▶ _ACTIVITY_
Below are the records; print exactly the lines from the one with "Yellow Silk Blend" through the last, both included, and leave the pictures out.

▶ _DATA EXTRACTS_

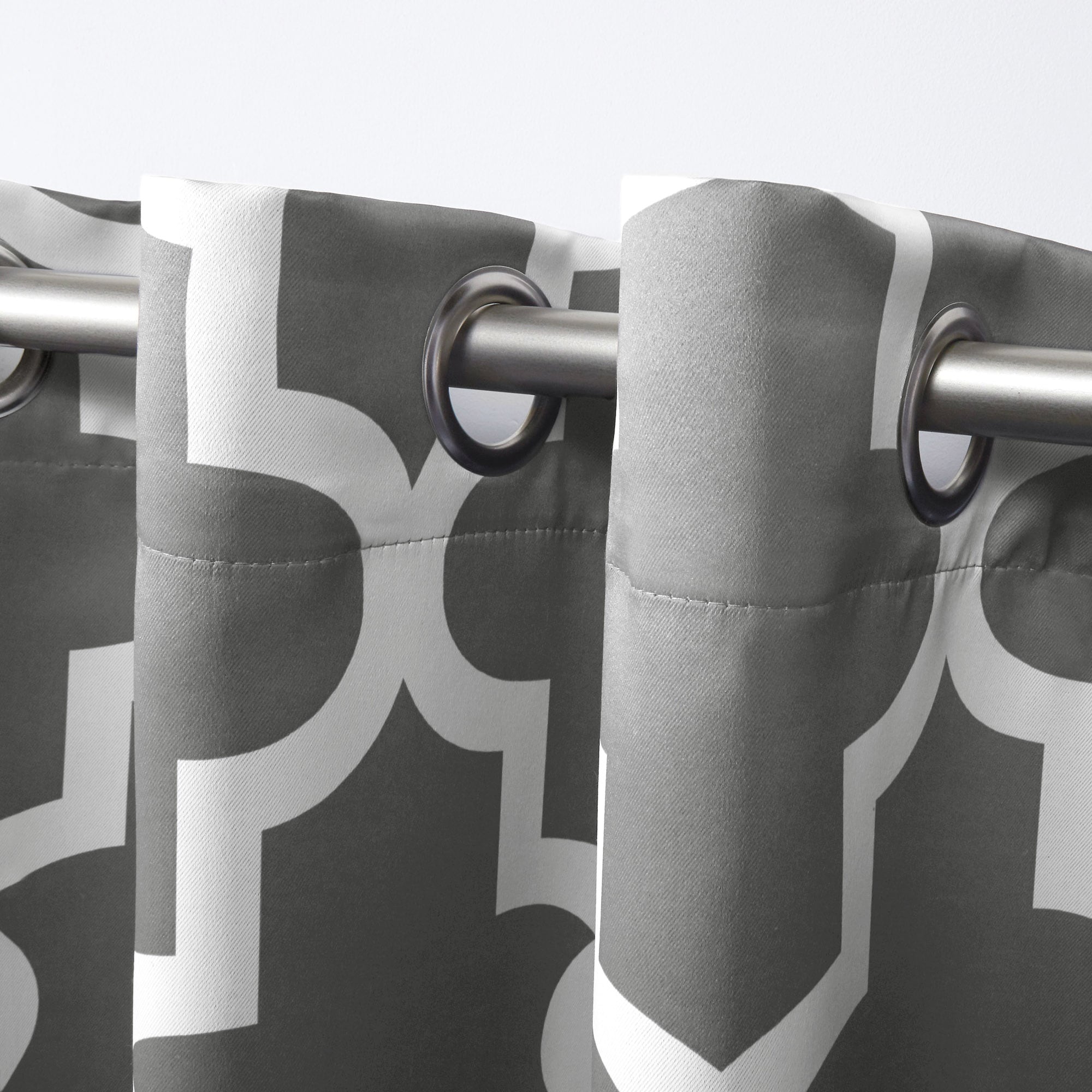 Black Pearl and White Geometric Blackout Grommet Curtain Panels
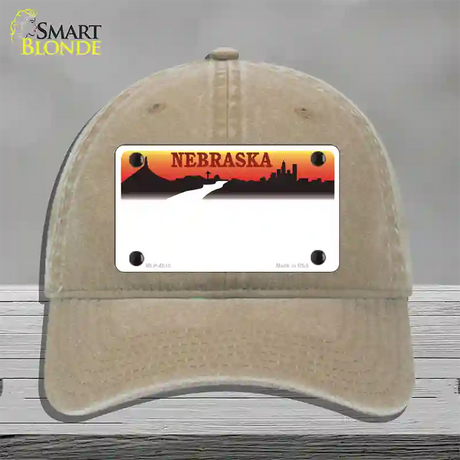 Nebraska Amber State Blank Novelty License Plate Hat Unconstructed Cotton / Khaki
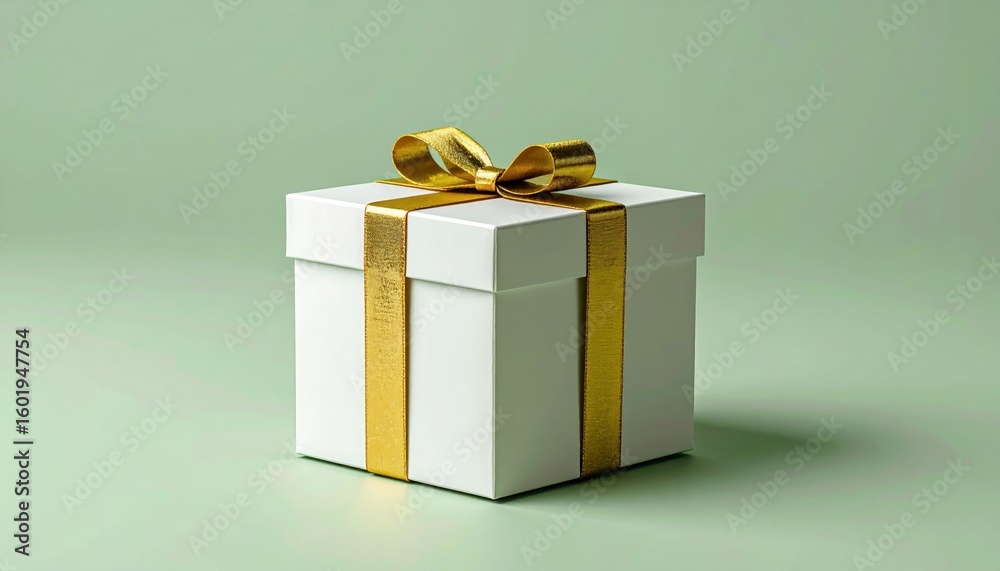 Obraz premium Elegant White Gift Box with Gold Ribbon on a Soft Green Background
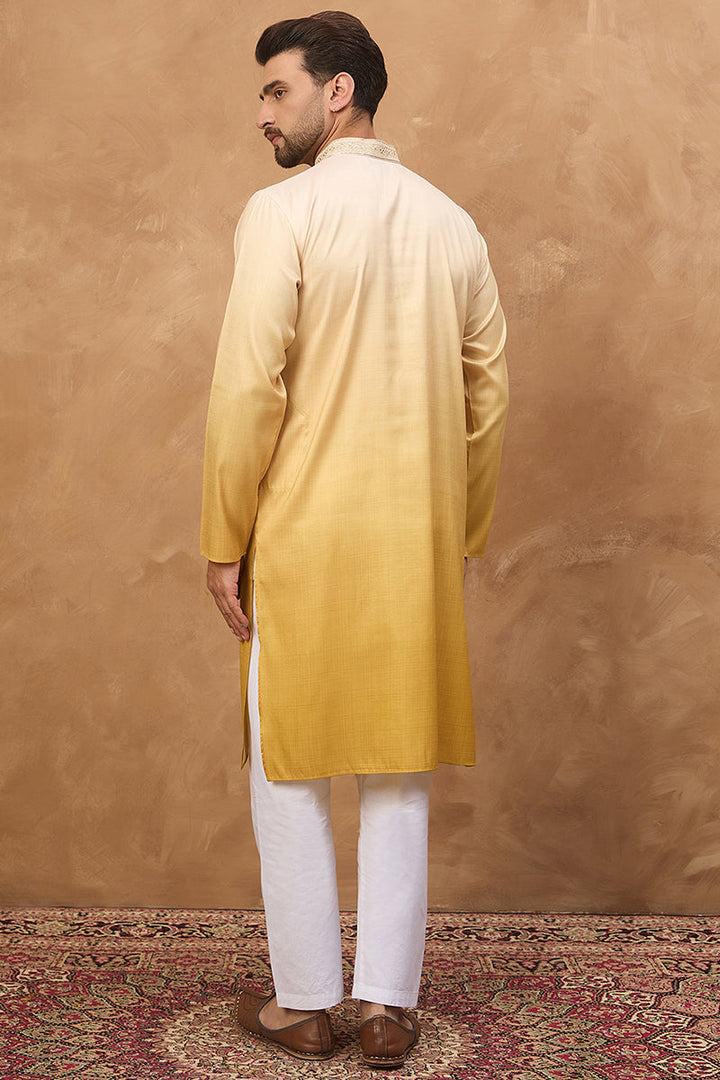 Yellow Silk Blend Solid Embroidered Straight Kurta | SHOBITAM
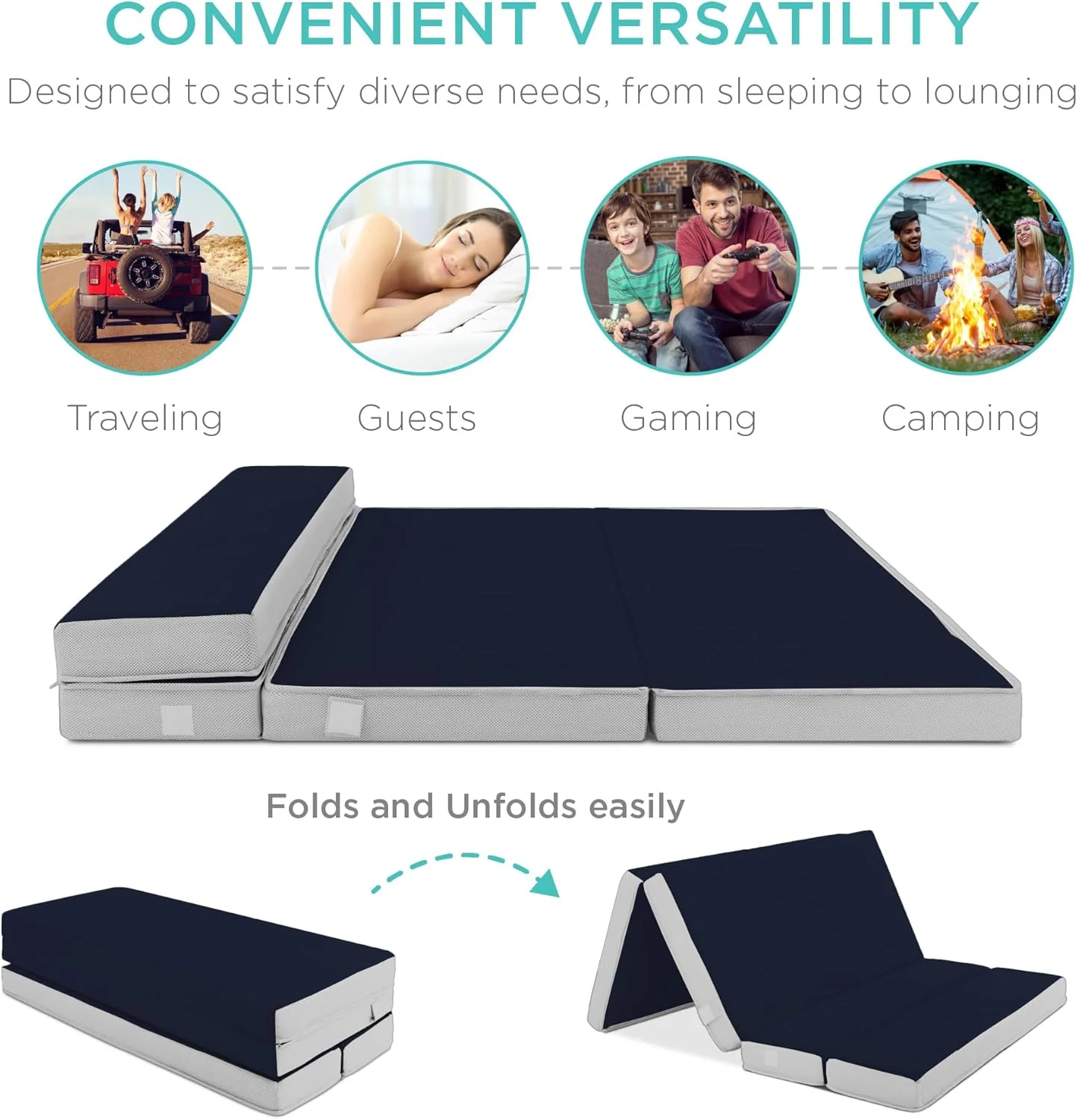 Best Choice Products 4in Portable Queen-Size Mattress, Tri-Fold Mattress for Camping, Guest, Toddler, Foam Plush w/Carry Case - Grey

▶ _EXERCISE SOLUTION_
 Yellow Silk Blend Solid Embroidered Straight Kurta | SHOBITAM
 Best Choice Products 4in Portable Queen-Size Mattress, Tri-Fold Mattress for Camping, Guest, Toddler, Foam Plush w/Carry Case - Grey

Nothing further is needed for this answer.